* What is expected *
Beginning at the line containing "Child in a pink" in the material below and ending at the line containing "a room with", return each line exactly and add nothing.

* Dataset records *
↓
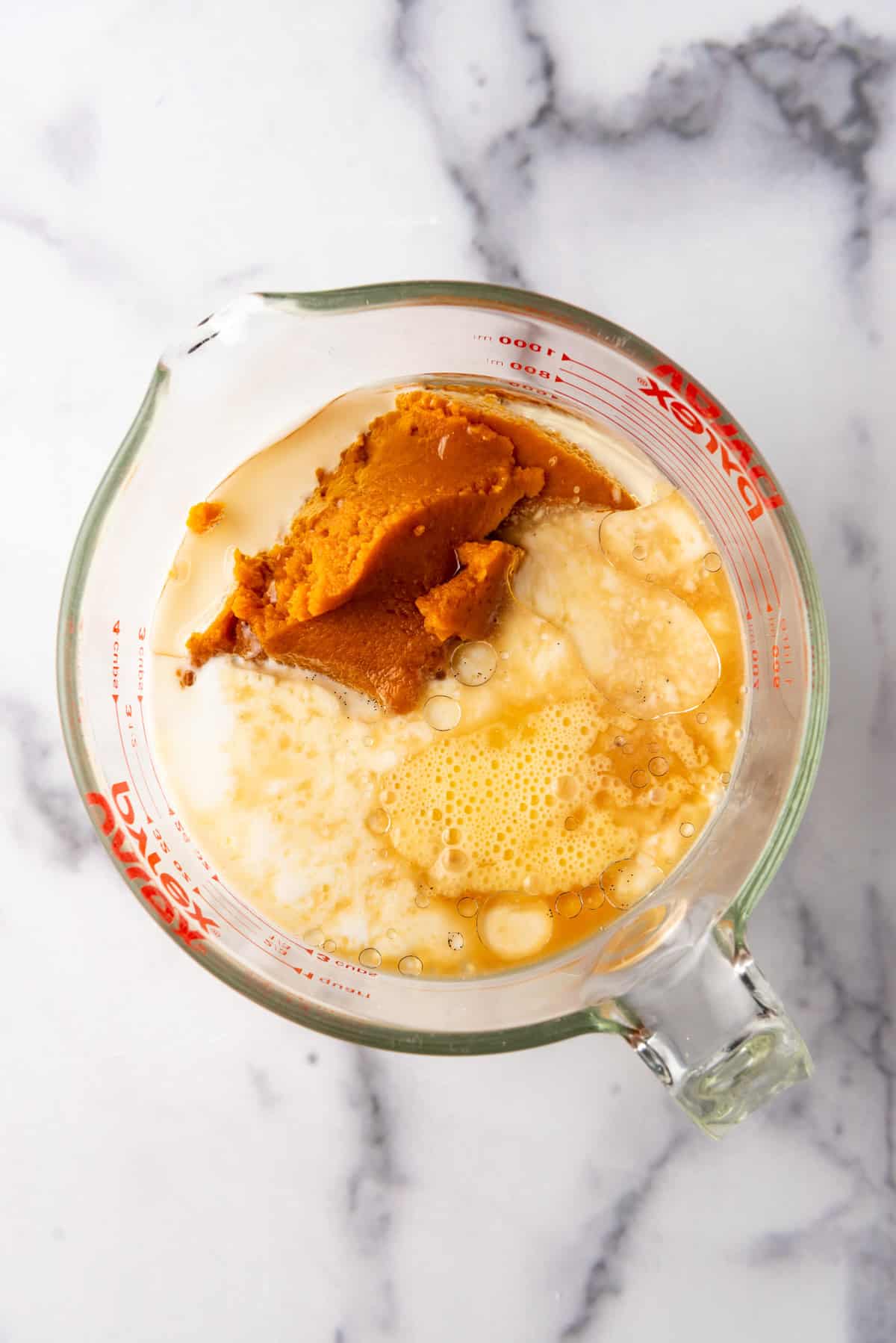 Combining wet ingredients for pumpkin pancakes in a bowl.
↑
↓
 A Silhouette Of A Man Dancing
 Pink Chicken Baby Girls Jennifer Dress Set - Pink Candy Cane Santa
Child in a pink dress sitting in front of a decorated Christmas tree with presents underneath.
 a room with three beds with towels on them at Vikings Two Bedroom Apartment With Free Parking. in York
↑
↓
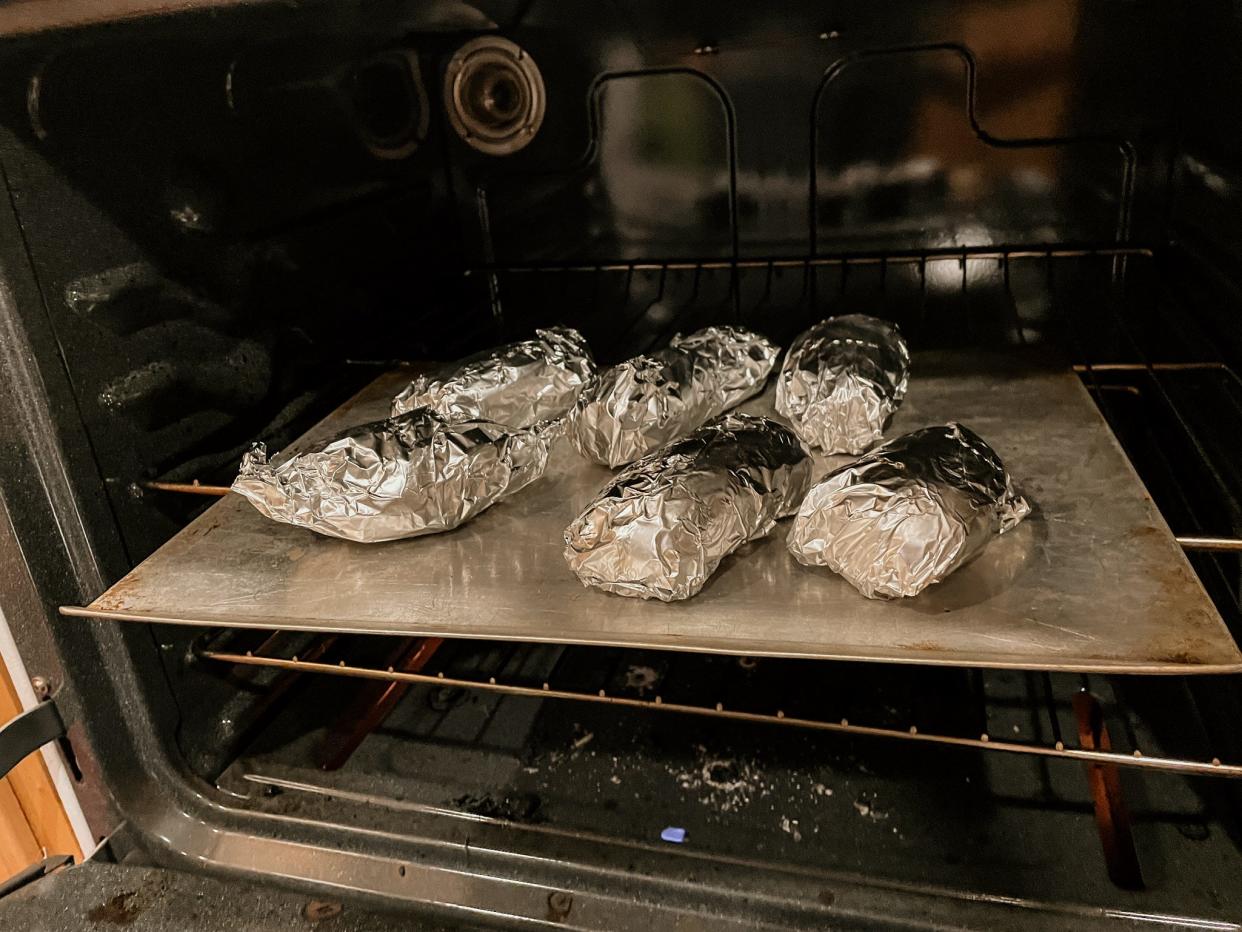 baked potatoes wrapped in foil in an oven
↑
* Exercise response *
Child in a pink dress sitting in front of a decorated Christmas tree with presents underneath.
 a room with three beds with towels on them at Vikings Two Bedroom Apartment With Free Parking. in York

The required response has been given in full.